Yup I know that the borrow checker does also work inside unsafe blocks. But when what you primarily do as a systems programmer is establishing invariants in your systems so that you can exploit (or circumvent) the UB-ness of the underlying system (OS/driver/hardware/etc.), and when the borrow checker doesn't really help you with verifying these invariants... The Rustonomicon states that whenever you open up an unsafe block, it doesn't pollute only the scope, but the whole module (https://doc.rust-lang.org/nomicon/working-with-unsafe.html). So there can be a correctness issue outside the unsafe block because it disobeys the invariants implicitly set up by the developer inside the unsafe block. And you can't do anything about this other than carefully reasoning about all the various ways your implicit invariants can break inside the whole module. So unsafe is ultimately more of a convention (or a promise) that you have designed and verified your invariants correctly, so that you will not produce undefined behavior no matter how you use the module as an outside user. If you want to verify your invariants any further than that, you need to check UB at runtime using the Miri interpreter (which is really slow and still incomplete), or just use Ada SPARK.

nicoburns · on Nov 6, 2023

It does pollute the whole module, but this is much less of a big deal than it might seem because Rust modules are so lightweight - you don't even need a new file to create a new module, you can just do:

    mod name_of_module {
        // code goes here
    }

And it's often possible to wrap the tricky unsafe bits in a safe interface (that e.g. uses a mutex to enforce safety). So that anyone who is contributing to higher-level code doesn't need to worry about it. This is much better than C or C++ code where it's trivially easy to introduce memory unsafety or even Undefined Behaviour in even the boring "glue" parts of the codebase.

This leads to a really nice gentle onboarding flow where inexperienced users can start out contributing to the safe parts of the project, and (optionally) move on to gnarly unsafe bits later when they are already familiar with the project's codebase. It also dramatically reduces review workload for maintainers as they can rely on the compiler enforcing invariants outside of unsafe modules.

This works less well for really low-level code like embedded code or kernel code. But it's still a lot better than nothing.

cyber_kinetist · on Nov 6, 2023

Though my usual experience with writing performance-sensitive code is: if you just write naive inefficient code on the first try, there's a high probably that you need to rearchitect the whole system to get a more performant design, it's not something you can do incrementally. Maybe in these kinds of projects it's not wise to let random contributors handle your code though... (I'm geared more into graphics and numerical computing so the experience might be different from others.)

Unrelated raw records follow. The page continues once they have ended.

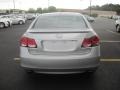 Mercury Metallic - GS 350 Photo No. 18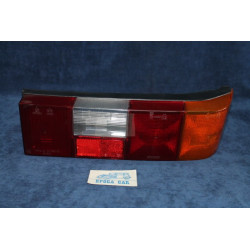 127 3° SERIE  LENS FOR REAR RIGHT LIGHT   ALTISSIMO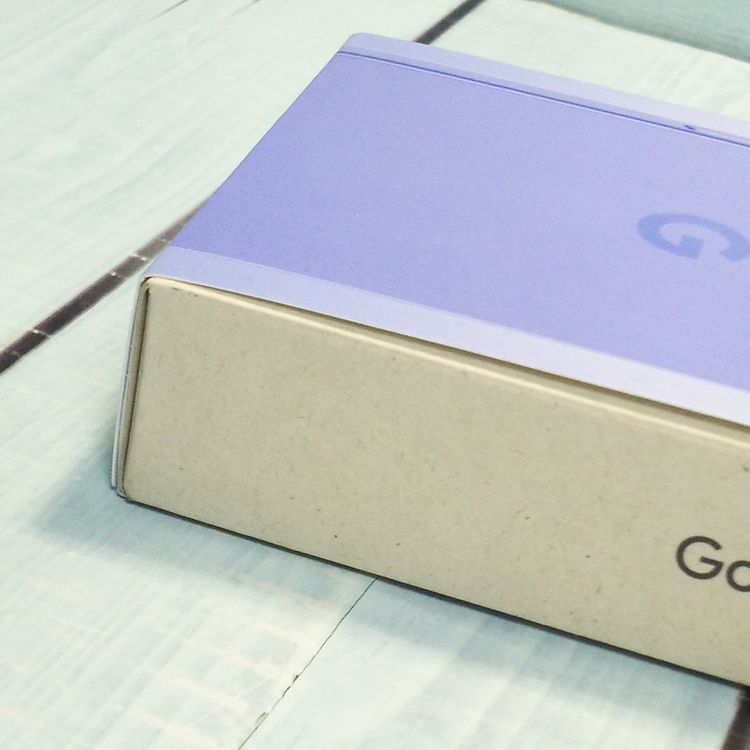 Google���ȥ��� Pixel10a ��٥���� 128GB ̤����  ���� 809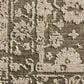 Loloi Percival Moss and Natural 2"6" x 7"6" Runner, , large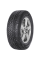 Viatti Bosco Nordico V-523 215/60 R17 96T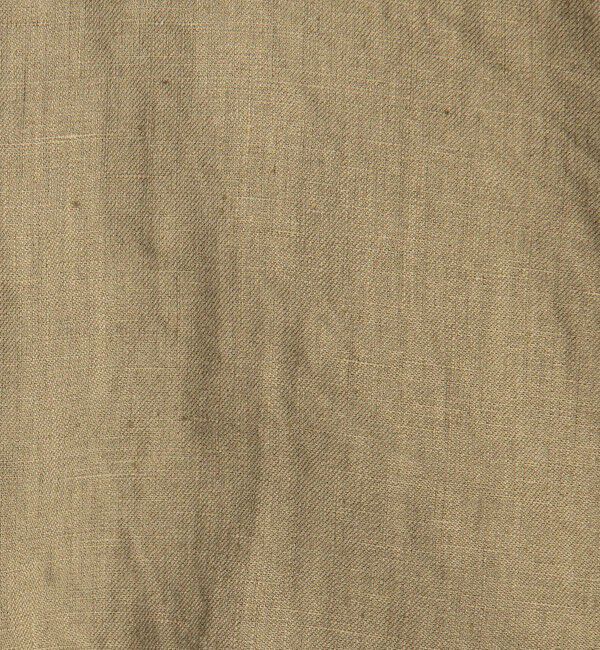 GALERIE VIE「ダストリネン スタンドカラーブルゾン」|ブルゾン・スタジャン|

Maybe there's a reason why game developers have primarily used scripting languages - give out a safe managed GC-backed runtime for the majority of developers, and let only a select few who understand the system to develop the core C++ engine. Maybe Safe Rust can be used this way (as a "fast" scripting language), to separate between these two worlds... but the problems is even Safe Rust is just really difficult to grok for newcomers, and the hoops they go through to circumvent the borrow checker either falls into using Copy/Clone all over the place (slow) or smart pointers (slow) or array indices with bound checking (maybe less slow but more cumbersome, and also prone to logical invalidation errors if you're not careful)

estebank · on Nov 6, 2023

> Maybe Safe Rust can be used this way (as a "fast" scripting language), to separate between these two worlds... but the problems is even Safe Rust is just really difficult to grok for newcomers, and the hoops they go through to circumvent the borrow checker either falls into using Copy/Clone all over the place (slow) or smart pointers (slow) or array indices with bound checking (maybe less slow but more cumbersome, and also prone to logical invalidation errors if you're not careful)

Are smart pointers like Box, Rc and even Arc any slower than any scripting system you'd "hand out" to most developers from your tightly written C++ core engine?

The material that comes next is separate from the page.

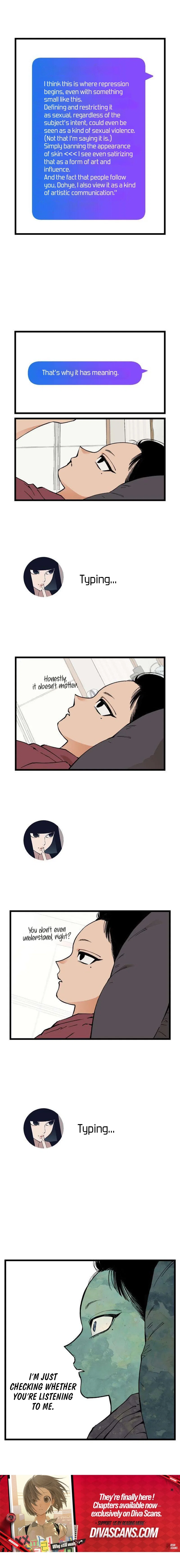 Chapter 15 - Image 8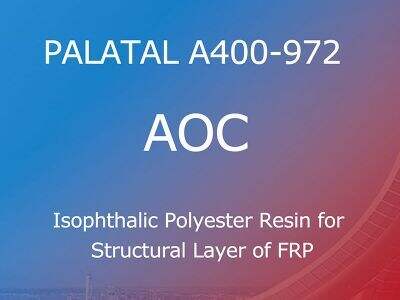 Why Premium Silicone Sealants Matter in Structural Glazing Applications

One thing that I see is that 90% of code is simple enough that you don't need to have any ceremony around ownership beyond writing a & in front of a value or type, 5% is harder than that but doable, and 5% requires extensive expertise to avoid allocations, or using Arc. I'd wager that the distribution of code that a GC can optimize during runtime is comparable, if not worse, at higher memory consumption.

I've compared some simple networked applications written in Java and Rust for that purpose, and performance ended up being comparable, but with 100x memory consumption, even when using GraalVM.

jvanderbot · on Nov 6, 2023

Rust is new. Low hanging features and bugs are going to be everywhere in new Crates. Contributing to, say, libcurl or openssl sure is more difficult than contributing to yet another rewrite of a mostly mature tool.